Ellie flinched, and Greg reached for her full wine glass, taking a large gulp. I grabbed my cutlery just a little harder, and was wondering when I’d be able to escape back to the purely aesthetic horrors of the Yellow Room rather than the emotional horror of family dinner, when my grandfather’s deep, dark voice rang out through the room.

“Oh, good God, no. I like my Christmas morning lie ins, thank you.” Everyone’s attention snapped to the doorway where Nathaniel’s broad form was filling the frame, his familiar orange fisherman’s jump

er clashing with the elegant cream and gold of the dining room.

Nathaniel Drury. Literary legend, imposing intellect, household name and always, always, Granddad.

He’d been twenty-one when he published his first novel, and become a literary sensation almost overnight. There are photos of him as a young man on the wall of every fashionable artist haunt in London, New York and Paris, and he drank everyone under the table in all of them. He was notorious as a womaniser, and a drunk. Which is why the national presses were so astounded when, a year later, he disappeared from London society for two weeks, only to return with a wife in tow. One Isabelle Yates, local beauty and daughter of the richest man in his home town in North Wales. They bought Rosewood the next year and, well, the rest became our family history.

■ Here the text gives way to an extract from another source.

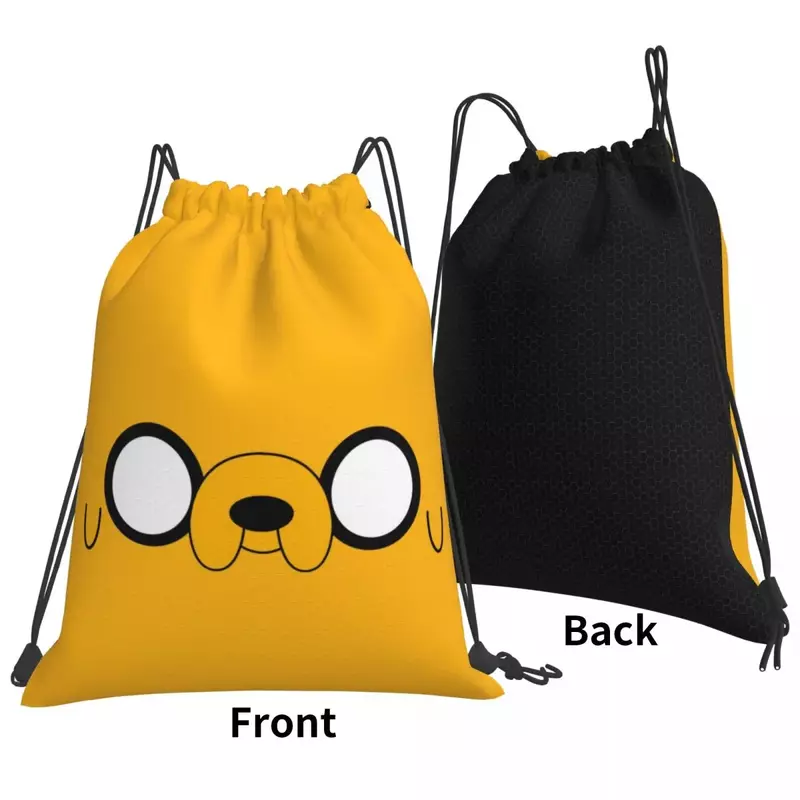 Jake's Eyes Backpacks Fashion Portable Drawstring Bags Drawstring Bundle Pocket Shoes Bag Book Bags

“What’s for tea?” Nathaniel asked, leaning on the back of Edward’s chair and smiling at me like no one else in the room mattered.

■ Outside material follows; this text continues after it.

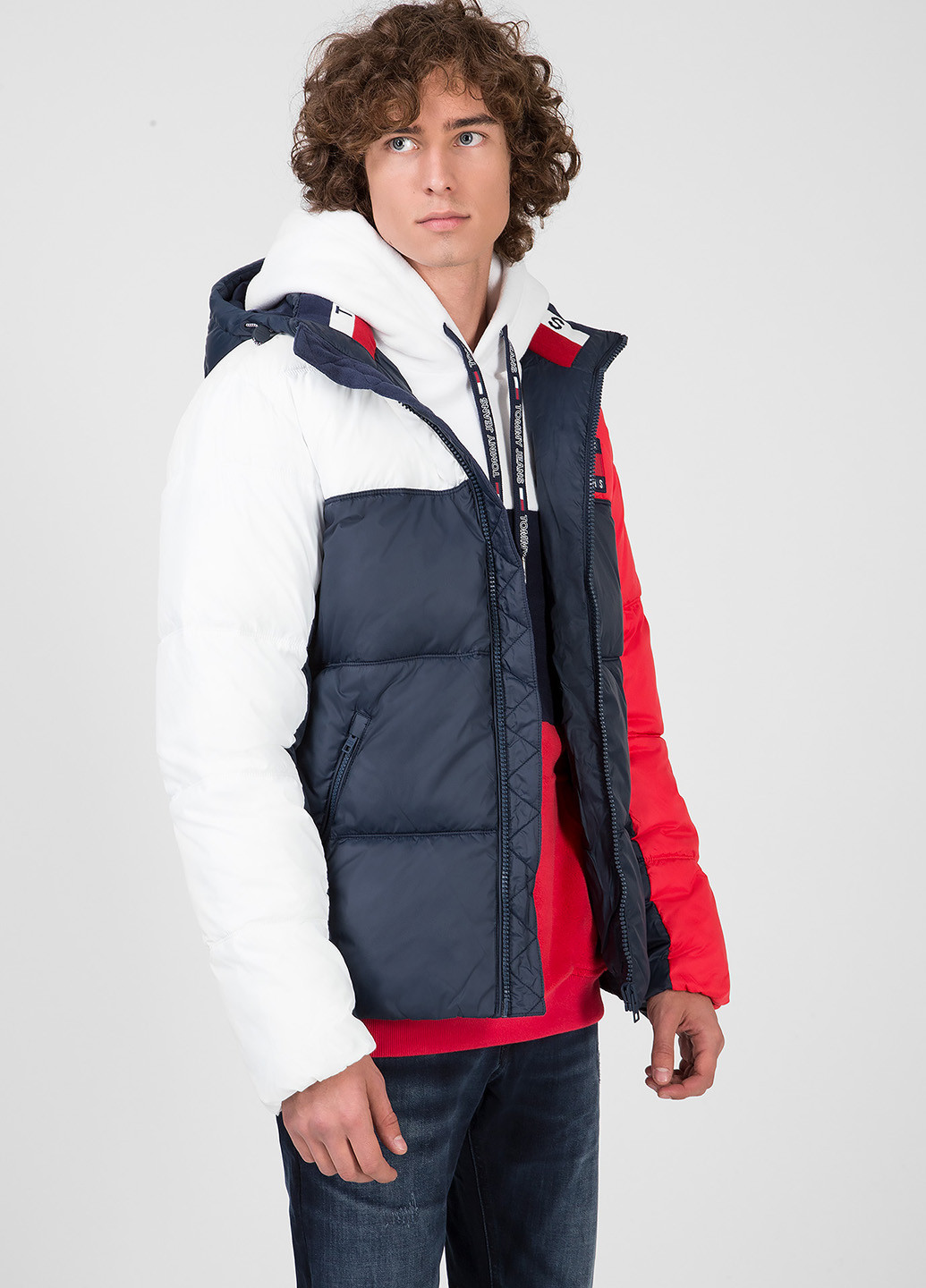 Комбинированная зимняя куртка Tommy Hilfiger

“If you’d come down to dinner at a reasonable time, and wearing appropriate clothes, like the rest of the family, you’d have been able to find out.” Isabelle didn’t look at her husband as she spoke, instead apparently choosing to glare at me. I blinked, and tried to figure out how, exactly, this was my fault. Ellie’s sad eyes at the dinner table and sulky refusal to talk all evening? Absolutely my fault. Nathaniel’s bizarre writerly habits? They’d been around far longer than me.

“We had Chicken Provençal,” Caro told him, oblivious to Isabelle’s temper. “But we’ve eaten it all. It’s Saskia’s favourite, you know.”

“I remember,” Nathaniel said, grinning at me again.

“There might be some leftovers coincidentally keeping warm in the oven,” Dad said, looking up at the ceiling to avoid the moment Isabelle’s glare swung his way. “And some bread in the bread bin.”

“I’ll go and grab it for you,” Edward said, presumably more out of a desire to escape the dining room for a while than because he was trying to expand his servant repertoire from carrying cases. “Anyone else want anything? I’ll bring more wine.” Without waiting for a response, he disappeared through the door and across the hallway to the kitchen.